As used in this specification and any claims of this application, the terms “computer”, “server”, “processor”, and “memory” all refer to electronic or other technological devices. These terms exclude people or groups of people. For the purposes of the specification, the terms display or displaying means displaying on an electronic device. As used in this specification and any claims of this application, the terms “computer readable medium” and “computer readable media” are entirely restricted to tangible, physical objects that store information in a form that is readable by a computer. These terms exclude any wireless signals, wired download signals, and any other ephemeral signals.

To provide for interaction with a user, implementations of the subject matter described in this specification can be implemented on a computer having a display device, e.g., a CRT (cathode ray tube) or LCD (liquid crystal display) monitor, for displaying information to the user and a keyboard and a pointing device, e.g., a mouse or a trackball, by which the user can provide input to the computer. Other kinds of devices can be used to provide for interaction with a user as well; e.g., feedback provided to the user can be any form of sensory feedback, e.g., visual feedback, auditory feedback, or tactile feedback; and input from the user can be received in any form, including acoustic, speech, or tactile input. In addition, a computer can interact with a user by sending documents to and receiving documents from a device that is used by the user; e.g., by sending web pages to a web browser on a user's client device in response to requests received from the web browser.

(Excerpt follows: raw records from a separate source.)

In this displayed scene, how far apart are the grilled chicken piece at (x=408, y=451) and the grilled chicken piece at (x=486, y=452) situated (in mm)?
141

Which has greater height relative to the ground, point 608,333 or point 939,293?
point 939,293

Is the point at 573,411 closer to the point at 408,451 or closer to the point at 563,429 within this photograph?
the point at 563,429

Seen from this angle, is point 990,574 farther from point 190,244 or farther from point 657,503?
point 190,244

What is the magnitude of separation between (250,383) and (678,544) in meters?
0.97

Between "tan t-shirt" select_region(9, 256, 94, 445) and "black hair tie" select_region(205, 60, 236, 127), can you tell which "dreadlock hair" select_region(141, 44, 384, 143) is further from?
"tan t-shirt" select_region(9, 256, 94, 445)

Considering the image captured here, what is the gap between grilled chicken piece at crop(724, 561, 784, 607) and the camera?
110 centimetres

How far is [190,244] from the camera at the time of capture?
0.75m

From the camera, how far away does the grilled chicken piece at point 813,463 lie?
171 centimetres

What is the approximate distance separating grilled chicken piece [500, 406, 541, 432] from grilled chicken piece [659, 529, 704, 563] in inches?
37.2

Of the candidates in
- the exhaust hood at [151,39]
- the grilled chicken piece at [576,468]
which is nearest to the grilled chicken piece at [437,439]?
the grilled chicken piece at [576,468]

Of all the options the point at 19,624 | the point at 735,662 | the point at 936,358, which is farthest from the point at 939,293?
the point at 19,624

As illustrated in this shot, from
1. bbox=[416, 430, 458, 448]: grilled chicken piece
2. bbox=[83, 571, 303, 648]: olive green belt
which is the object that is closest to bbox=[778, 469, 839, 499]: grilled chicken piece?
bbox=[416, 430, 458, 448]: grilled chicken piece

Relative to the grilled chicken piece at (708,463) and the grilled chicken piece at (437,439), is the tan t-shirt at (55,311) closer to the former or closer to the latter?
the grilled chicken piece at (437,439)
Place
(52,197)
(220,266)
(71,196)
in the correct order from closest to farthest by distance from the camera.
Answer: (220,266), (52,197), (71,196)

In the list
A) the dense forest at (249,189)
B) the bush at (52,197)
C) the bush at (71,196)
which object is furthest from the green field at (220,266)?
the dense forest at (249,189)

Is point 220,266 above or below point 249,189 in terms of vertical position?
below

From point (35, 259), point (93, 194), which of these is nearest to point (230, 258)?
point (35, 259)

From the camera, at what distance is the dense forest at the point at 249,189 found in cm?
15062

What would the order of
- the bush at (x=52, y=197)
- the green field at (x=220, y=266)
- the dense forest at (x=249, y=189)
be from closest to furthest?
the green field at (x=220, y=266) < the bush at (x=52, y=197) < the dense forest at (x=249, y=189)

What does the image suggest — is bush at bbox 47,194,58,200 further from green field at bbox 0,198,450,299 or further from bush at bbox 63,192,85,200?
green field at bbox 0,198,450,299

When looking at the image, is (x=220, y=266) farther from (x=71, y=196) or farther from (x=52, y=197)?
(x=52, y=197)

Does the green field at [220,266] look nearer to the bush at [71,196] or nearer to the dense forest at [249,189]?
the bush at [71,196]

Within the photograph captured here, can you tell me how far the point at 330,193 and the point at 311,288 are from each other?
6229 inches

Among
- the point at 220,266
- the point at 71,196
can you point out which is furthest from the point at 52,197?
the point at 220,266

Embodiments of the subject matter described in this specification can be implemented in a computing system that includes a back end component, e.g., as a data server, or that includes a middleware component, e.g., an application server, or that includes a front end component, e.g., a client computer having a graphical user interface or a Web browser through which a user can interact with an implementation of the subject matter described in this specification, or any combination of one or more such back end, middleware, or front end components. The components of the system can be interconnected by any form or medium of digital data communication, e.g., a communication network. Examples of communication networks include a local area network (“LAN”) and a wide area network (“WAN”), an inter-network (e.g., the Internet), and peer-to-peer networks (e.g., ad hoc peer-to-peer networks).

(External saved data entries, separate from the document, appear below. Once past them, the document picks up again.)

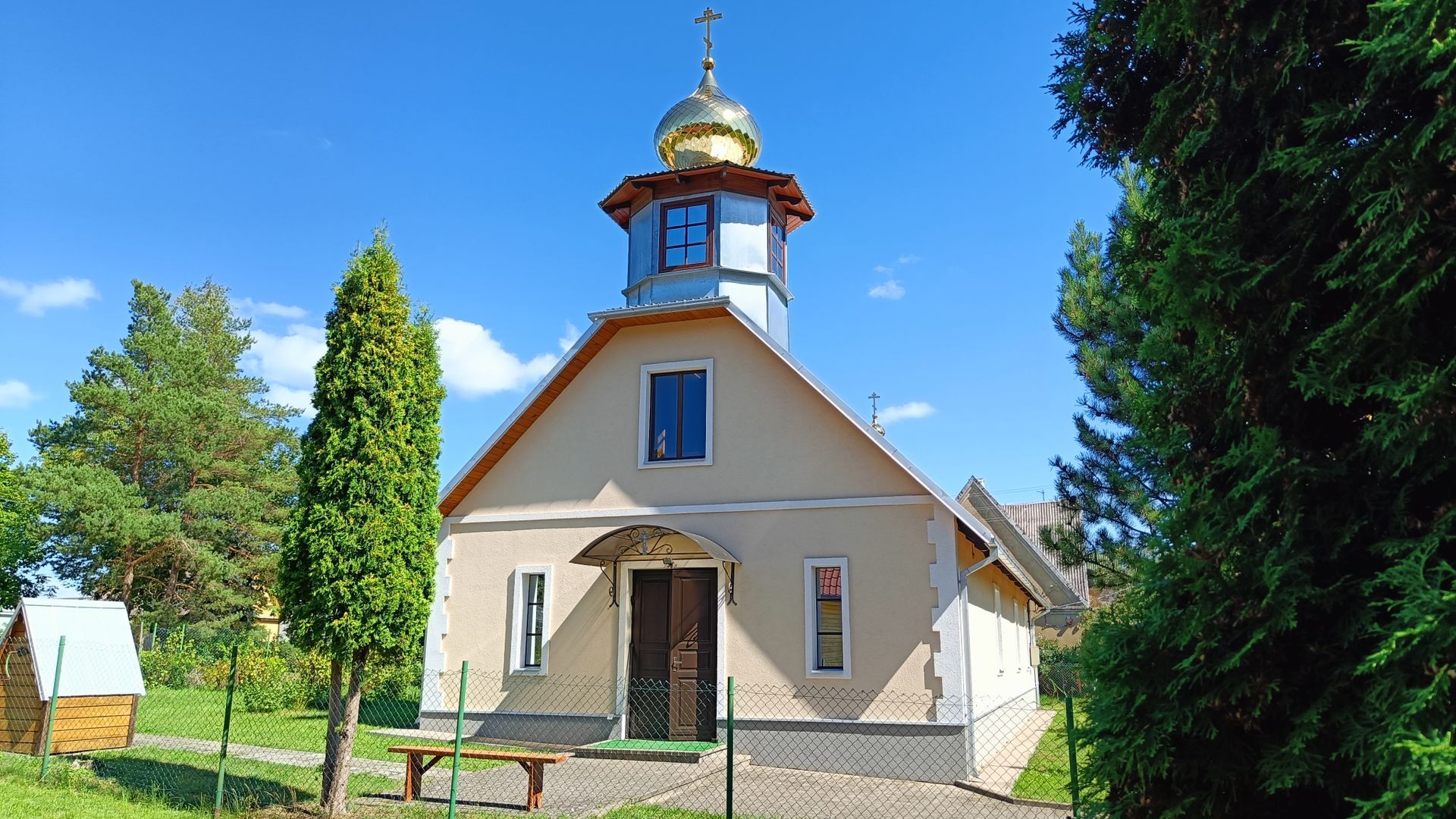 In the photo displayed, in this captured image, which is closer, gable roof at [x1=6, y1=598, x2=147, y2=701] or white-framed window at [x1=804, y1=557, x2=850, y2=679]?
gable roof at [x1=6, y1=598, x2=147, y2=701]

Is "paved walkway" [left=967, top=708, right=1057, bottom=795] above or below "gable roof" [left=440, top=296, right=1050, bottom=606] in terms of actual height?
below

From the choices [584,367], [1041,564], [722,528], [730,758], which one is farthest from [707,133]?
[730,758]

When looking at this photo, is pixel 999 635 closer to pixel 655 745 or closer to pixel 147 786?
pixel 655 745

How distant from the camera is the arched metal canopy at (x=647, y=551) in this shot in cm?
1297

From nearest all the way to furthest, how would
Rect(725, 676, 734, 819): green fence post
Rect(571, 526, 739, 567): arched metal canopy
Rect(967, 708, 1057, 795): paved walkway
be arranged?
Rect(725, 676, 734, 819): green fence post, Rect(967, 708, 1057, 795): paved walkway, Rect(571, 526, 739, 567): arched metal canopy

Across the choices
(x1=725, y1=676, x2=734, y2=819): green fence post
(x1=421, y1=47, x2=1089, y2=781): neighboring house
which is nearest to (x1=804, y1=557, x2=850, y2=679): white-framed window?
(x1=421, y1=47, x2=1089, y2=781): neighboring house

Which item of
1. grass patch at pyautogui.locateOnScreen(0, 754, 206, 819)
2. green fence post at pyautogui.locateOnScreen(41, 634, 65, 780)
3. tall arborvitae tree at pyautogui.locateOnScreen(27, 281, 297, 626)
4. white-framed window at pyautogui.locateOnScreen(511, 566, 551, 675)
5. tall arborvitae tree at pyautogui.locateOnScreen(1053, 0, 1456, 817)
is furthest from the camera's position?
tall arborvitae tree at pyautogui.locateOnScreen(27, 281, 297, 626)

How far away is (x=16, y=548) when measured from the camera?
35.8m

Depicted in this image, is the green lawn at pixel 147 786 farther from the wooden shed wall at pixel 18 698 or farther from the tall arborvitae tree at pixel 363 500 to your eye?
the tall arborvitae tree at pixel 363 500

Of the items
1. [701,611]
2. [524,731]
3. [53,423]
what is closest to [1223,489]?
[701,611]

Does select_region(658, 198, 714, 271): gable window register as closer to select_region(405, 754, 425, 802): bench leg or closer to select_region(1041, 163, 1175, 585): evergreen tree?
select_region(1041, 163, 1175, 585): evergreen tree

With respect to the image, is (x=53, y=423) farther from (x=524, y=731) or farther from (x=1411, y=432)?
(x=1411, y=432)

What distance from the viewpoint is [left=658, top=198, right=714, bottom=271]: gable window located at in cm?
1609

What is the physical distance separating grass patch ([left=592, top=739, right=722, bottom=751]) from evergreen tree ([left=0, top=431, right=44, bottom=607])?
1183 inches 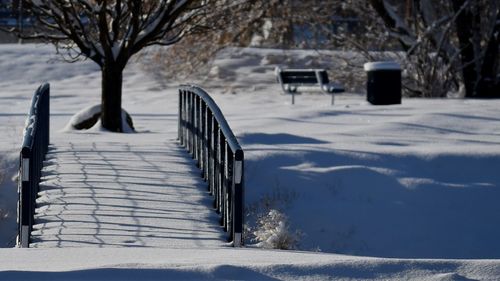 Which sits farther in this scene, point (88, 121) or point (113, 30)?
point (88, 121)

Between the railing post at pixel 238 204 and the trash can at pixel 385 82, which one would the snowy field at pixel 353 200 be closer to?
the trash can at pixel 385 82

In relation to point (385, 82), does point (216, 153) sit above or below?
above

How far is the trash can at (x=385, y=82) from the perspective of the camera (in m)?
22.1

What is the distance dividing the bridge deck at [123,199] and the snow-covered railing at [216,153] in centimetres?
16

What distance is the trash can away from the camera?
2206cm

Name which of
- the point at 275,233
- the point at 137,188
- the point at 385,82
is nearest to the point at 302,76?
the point at 385,82

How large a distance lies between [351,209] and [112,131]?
702 cm

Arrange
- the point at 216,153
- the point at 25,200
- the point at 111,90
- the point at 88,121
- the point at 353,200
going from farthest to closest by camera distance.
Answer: the point at 88,121, the point at 111,90, the point at 353,200, the point at 216,153, the point at 25,200

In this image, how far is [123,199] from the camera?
41.0ft

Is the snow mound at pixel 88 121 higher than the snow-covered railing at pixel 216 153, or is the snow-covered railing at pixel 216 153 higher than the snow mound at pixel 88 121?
the snow-covered railing at pixel 216 153

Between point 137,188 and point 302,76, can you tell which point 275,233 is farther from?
point 302,76

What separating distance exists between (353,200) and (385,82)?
28.1 feet

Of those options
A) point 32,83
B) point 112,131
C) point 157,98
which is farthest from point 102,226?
point 32,83

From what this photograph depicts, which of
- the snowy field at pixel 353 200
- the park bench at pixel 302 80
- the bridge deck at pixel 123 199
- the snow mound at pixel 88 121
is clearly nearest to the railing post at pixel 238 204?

The computing system can include clients and servers. A client and server are generally remote from each other and may interact through a communication network. The relationship of client and server arises by virtue of computer programs running on the respective computers and having a client-server relationship to each other. In some embodiments, a server transmits data (e.g., an HTML page) to a client device (e.g., for purposes of displaying data to and receiving user input from a user interacting with the client device). Data generated at the client device (e.g., a result of the user interaction) can be received from the client device at the server.

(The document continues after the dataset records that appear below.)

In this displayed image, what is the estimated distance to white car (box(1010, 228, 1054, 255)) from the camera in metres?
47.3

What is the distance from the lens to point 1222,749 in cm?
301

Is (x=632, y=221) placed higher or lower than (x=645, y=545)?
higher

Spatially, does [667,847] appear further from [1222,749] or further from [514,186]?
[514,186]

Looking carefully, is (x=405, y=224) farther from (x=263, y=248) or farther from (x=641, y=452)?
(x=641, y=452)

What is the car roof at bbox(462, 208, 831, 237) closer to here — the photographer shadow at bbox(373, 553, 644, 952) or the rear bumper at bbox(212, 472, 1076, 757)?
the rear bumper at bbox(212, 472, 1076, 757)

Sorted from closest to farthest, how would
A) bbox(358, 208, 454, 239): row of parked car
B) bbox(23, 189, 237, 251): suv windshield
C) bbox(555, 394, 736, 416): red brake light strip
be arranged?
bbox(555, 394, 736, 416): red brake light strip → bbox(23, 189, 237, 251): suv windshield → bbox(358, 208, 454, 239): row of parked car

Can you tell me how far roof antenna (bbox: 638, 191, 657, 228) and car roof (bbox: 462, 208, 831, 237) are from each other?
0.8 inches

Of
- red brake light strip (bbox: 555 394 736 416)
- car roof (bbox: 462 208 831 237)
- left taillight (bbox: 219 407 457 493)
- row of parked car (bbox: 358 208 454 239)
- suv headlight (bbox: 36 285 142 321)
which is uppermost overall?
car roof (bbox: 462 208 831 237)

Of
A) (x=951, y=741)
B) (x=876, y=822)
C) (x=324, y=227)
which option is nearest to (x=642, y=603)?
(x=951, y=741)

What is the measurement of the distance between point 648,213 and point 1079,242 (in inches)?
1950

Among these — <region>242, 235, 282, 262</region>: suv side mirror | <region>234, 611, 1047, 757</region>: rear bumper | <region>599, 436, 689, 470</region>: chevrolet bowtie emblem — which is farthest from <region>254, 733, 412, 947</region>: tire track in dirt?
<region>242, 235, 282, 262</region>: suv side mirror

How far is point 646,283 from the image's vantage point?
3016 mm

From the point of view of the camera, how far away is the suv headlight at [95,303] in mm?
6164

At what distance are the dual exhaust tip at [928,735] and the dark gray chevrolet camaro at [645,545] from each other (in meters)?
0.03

Implementations within the scope of the present disclosure can be partially or entirely realized using a tangible computer-readable storage medium (or multiple tangible computer-readable storage media of one or more types) encoding one or more instructions. The tangible computer-readable storage medium also can be non-transitory in nature.

The computer-readable storage medium can be any storage medium that can be read, written, or otherwise accessed by a general purpose or special purpose computing device, including any processing electronics and/or processing circuitry capable of executing instructions. For example, without limitation, the computer-readable medium can include any volatile semiconductor memory, such as RAM, DRAM, SRAM, T-RAM, Z-RAM, and TTRAM. The computer-readable medium also can include any non-volatile semiconductor memory, such as ROM, PROM, EPROM, EEPROM, NVRAM, flash, nvSRAM, FeRAM, FeTRAM, MRAM, PRAM, CBRAM, SONOS, RRAM, NRAM, racetrack memory, FJG, and Millipede memory.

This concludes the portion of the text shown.